Sana, uccisa per il no al matrimonio. Riemerge il padre: sono innocente

Brescia, per la Procura era morta in Pakistan per un delitto “politico“ architettato da genitore e fratello. Dopo la confessione ritrattata, l’assoluzione in patria e la sorpresa: gli accusati in Italia per il processo

Sana Cheema

Sana Cheema

Brescia, 2 aprile 2021 - Il giudice per due volte aveva rinviato l’udienza preliminare – prossima data, ottobre - perché gli imputati non si trovavano. Il procedimento sulla morte di Sana Cheema, la 25enne italopakistana cresciuta a Brescia che rifiutava le nozze combinate, e che la magistratura italiana ritiene uccisa tre anni fa in Pakistan dal padre e dal fratello, sembrava ormai a un passo dal dimenticatoio. L’irreperibilità dei presunti autori dell’omicidio pregiudicava infatti la fattibilità del processo, di cui per legge gli accusati devono essere a conoscenza. Nelle scorse ore, la sorpresa: Mustafa Cheema, 52 anni, e il figlio Adnan, 33, nei guai per omicidio premeditato, si sa dove sono. Il luogo per ora è top secret. Ma hanno contattato un avvocato del Foro di Brescia, pare di spontanea volontà, e gli hanno affidato il mandato difensivo, incaricandolo di aiutarli a dimostrare la loro innocenza. Anche davanti a un Tribunale italiano. Perché i Cheema si dicono innocenti, sebbene il capofamiglia nell’immediatezza dei fatti si assunse la responsabilità del delitto, ma poi ritrattò.

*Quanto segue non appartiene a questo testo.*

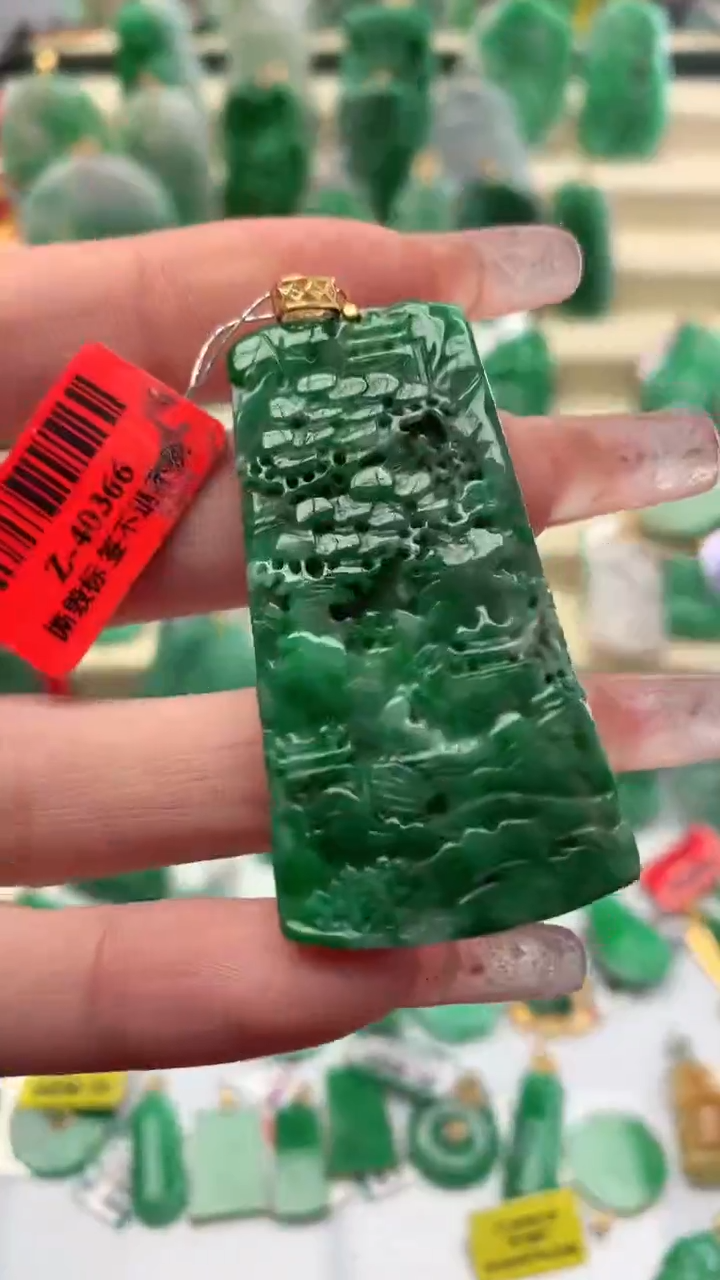 【闪购商品】翡翠颈饰18K金镶嵌挂件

Le sue dichiarazioni rese a caldo in assenza di un legale furono però dichiarate inutilizzabili. Così Mustafa – cittadino italiano, come Sana – e il primogenito furono assolti dalla Corte d’assise di Gujrat, che dopo averli processati per omicidio non ritenne le prove a carico sufficienti. A giudizio erano finiti anche la madre e nove persone, tra cui gli zii e un cugino, tutti assolti. Sana morì improvvisamente il 18 aprile 2018 a Gujrat, nel villaggio in cui era nata, con un biglietto aereo in tasca per rientrare in Italia il giorno seguente dopo una permanenza all’estero di tre mesi, in circostanze controverse. La famiglia sostenne la tesi della disgrazia, dell’improvviso malore per ‘debolezza’. Mangiava poco, ebbe un crollo, dissero, e vi fu un arresto cardiaco. Le amiche della giovane però subito sospettarono il delitto d’onore, e chiesero indagini.

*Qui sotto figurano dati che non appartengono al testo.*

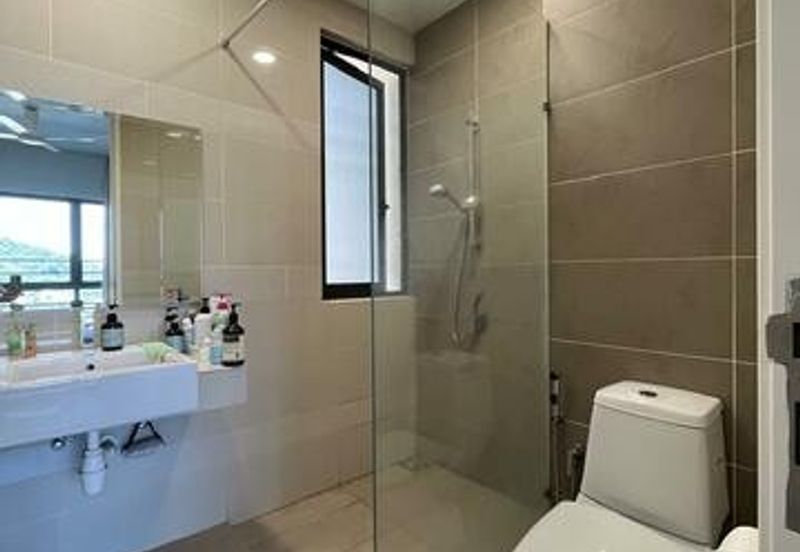 16 Quartz Melawati Condominium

Per l’ex procuratore generale Pierluigi Dell’Osso, che prima della pensione avocò l’inchiesta e molto si spese per superare una serie di scogli procedurali così da mandare il fascicolo davanti ai giudici italiani, si trattò di un femminicidio ‘politico’: Sana fu strangolata con un ‘doupat’, un tubante elastico tradizionale, dagli uomini del clan che mal sopportavano il suo continuo rifiutare papabili futuri mariti e la sua ribellione ai ditkat religiosi. Il padre l’avrebbe immobilizzata su un letto mentre il fratello le stringeva il collo con il foulard. Da anni trapiantati a Brescia ma legati alle tradizioni, i Cheema per l’accusa erano in continuo disaccordo con la ragazza. Così ne avrebbero provocato la morte "per asfissia meccanica violenta da compressione del collo mediante strangolamento – recitava l’atto conclusivo dell’inchiesta – annullando nel contesto sociale, politico ed economico caratterizzato da organizzazione per caste, i diritti politici e sociali fondamentali della vittima, soppressa per avere reiteratamente rifiutato il matrimonio combinato stabilito dai congiunti".